[Exercise description]: From the line containing "opiskelijoita pienet suomen" down to the final line of the entries below, quote every line verbatim. Exclude pictures.

[Data excerpts]:

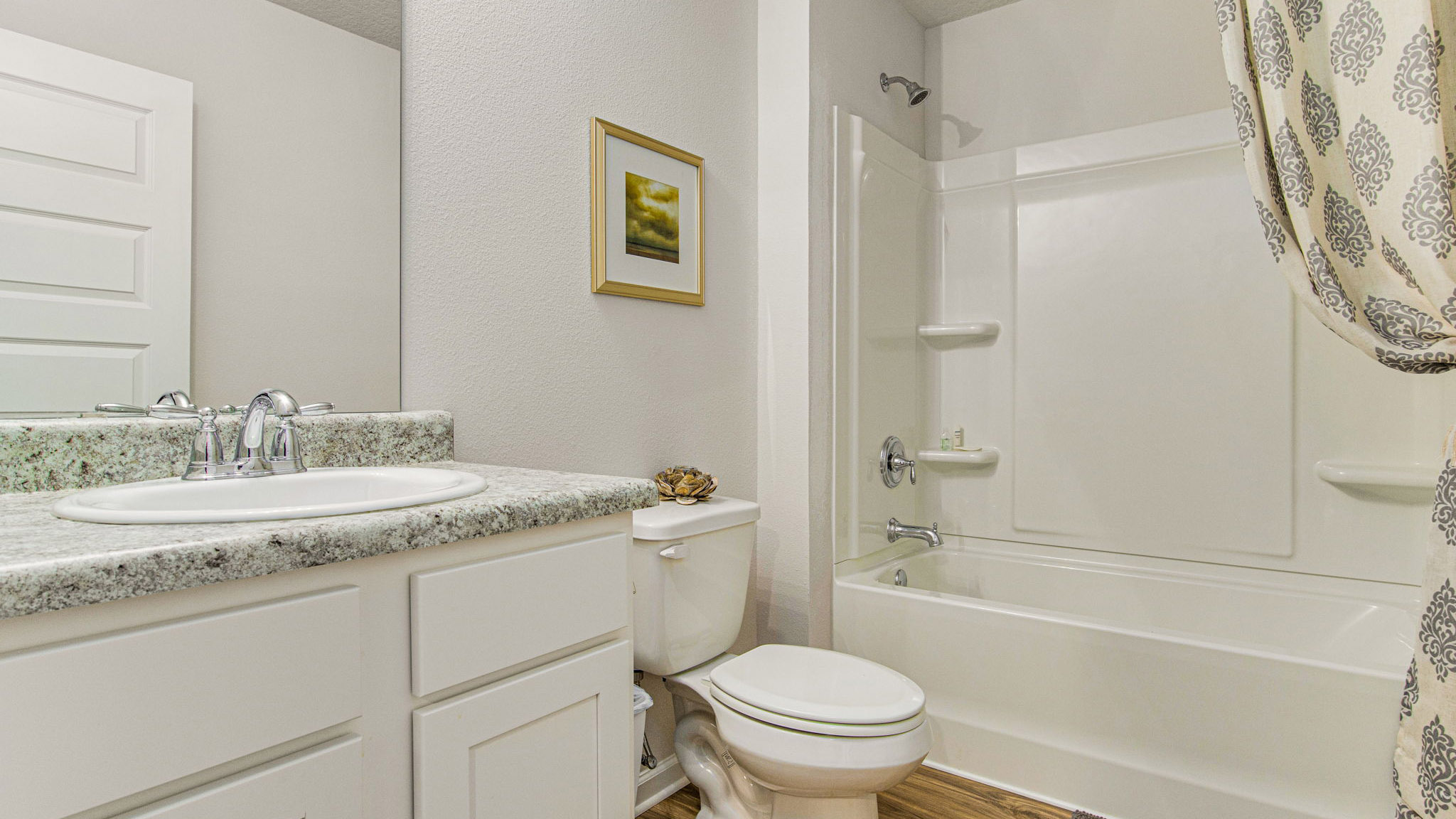 The Cali floorplan guest bathroom with shower and tub combo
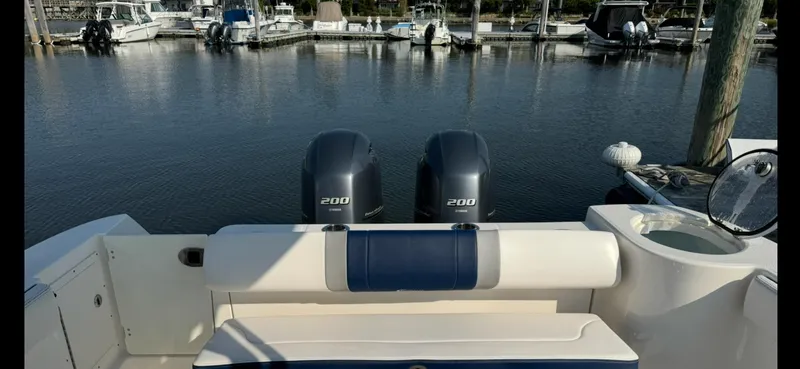 Slide: The Image of 2021 Robalo R272 Center Console boat with twin 200 engines docked at marina. - 16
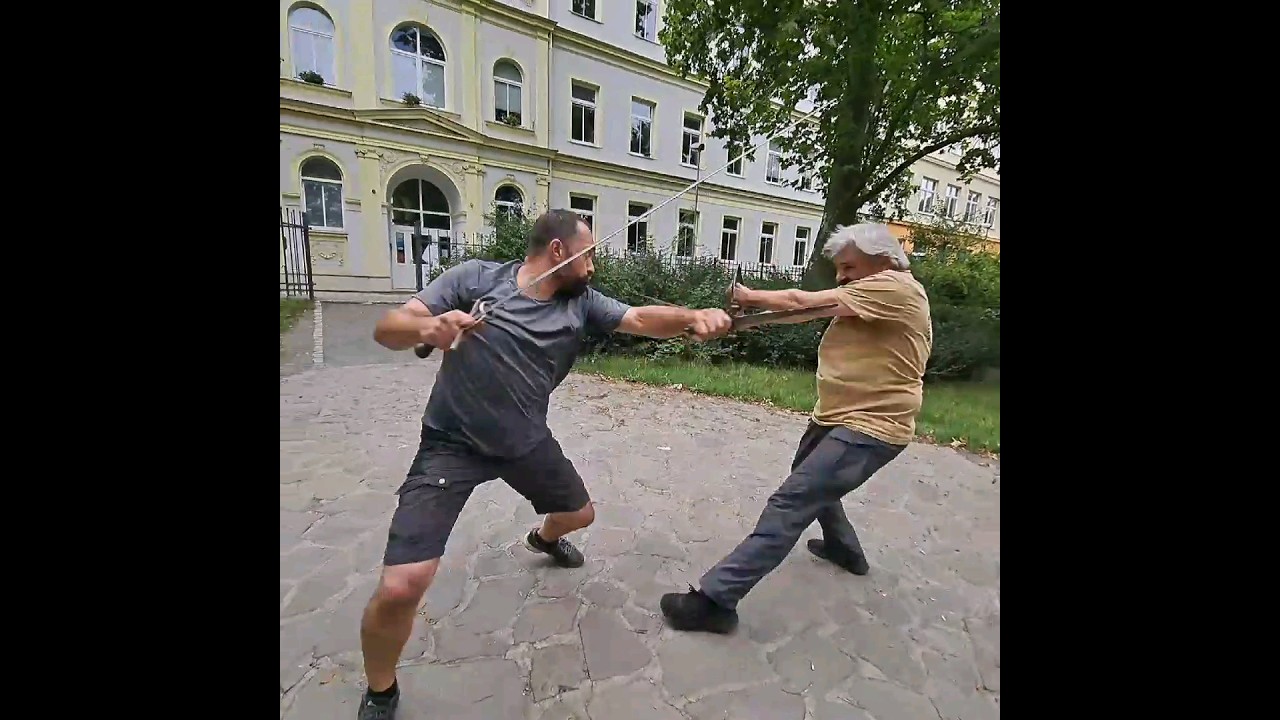 One take of swordfight choreography training with different weapons 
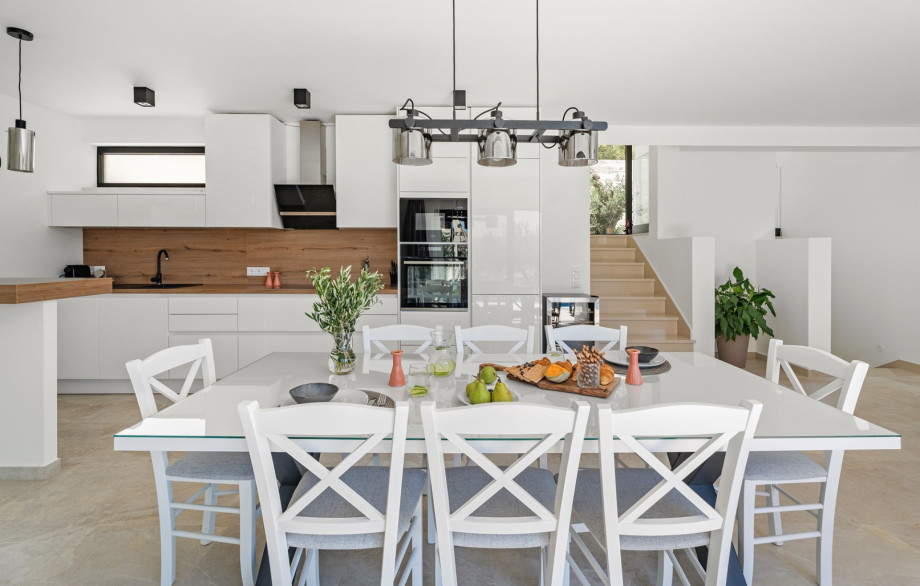 Spacious dining area for 8 pax filled with natural light
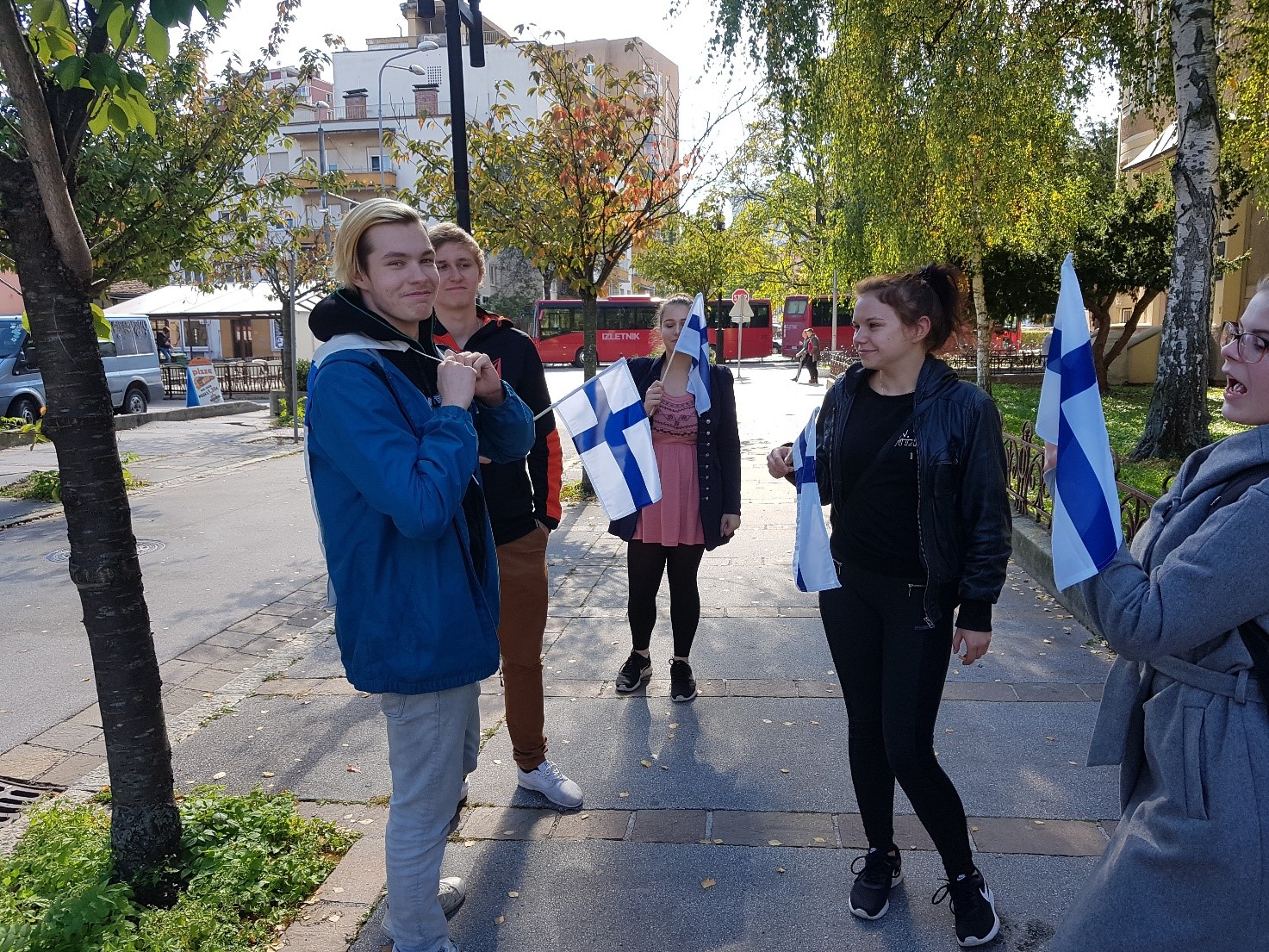 opiskelijoita pienet suomen liput käsissään ulkomailla
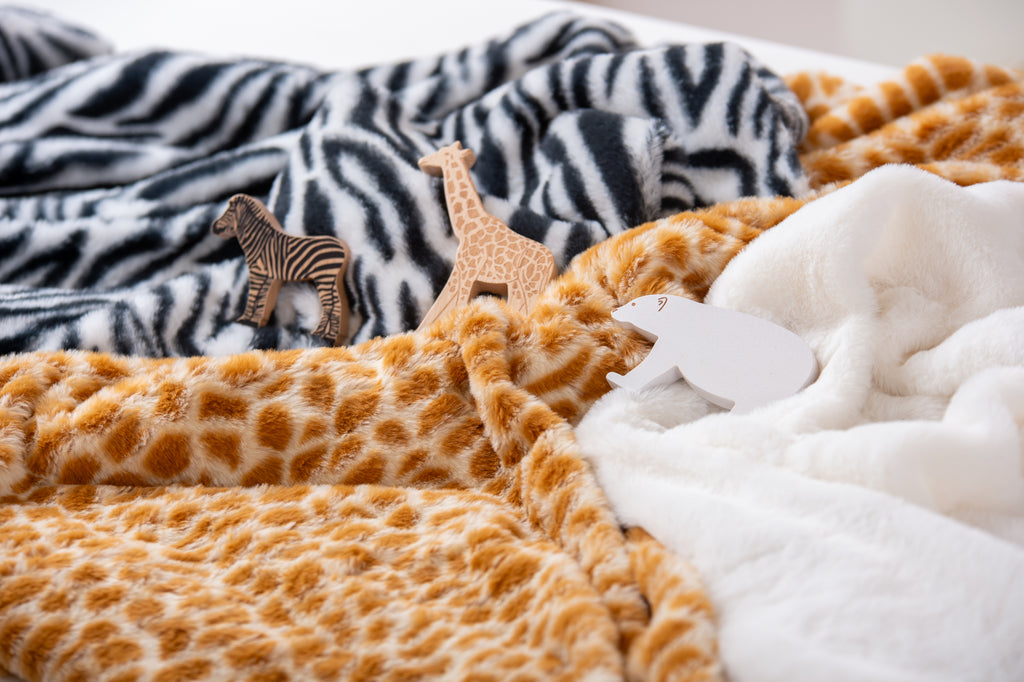 Close-up of animal print plush fabrics: black zebra, orange giraffe spots, white underside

[Output below]:
 opiskelijoita pienet suomen liput käsissään ulkomailla
 Close-up of animal print plush fabrics: black zebra, orange giraffe spots, white underside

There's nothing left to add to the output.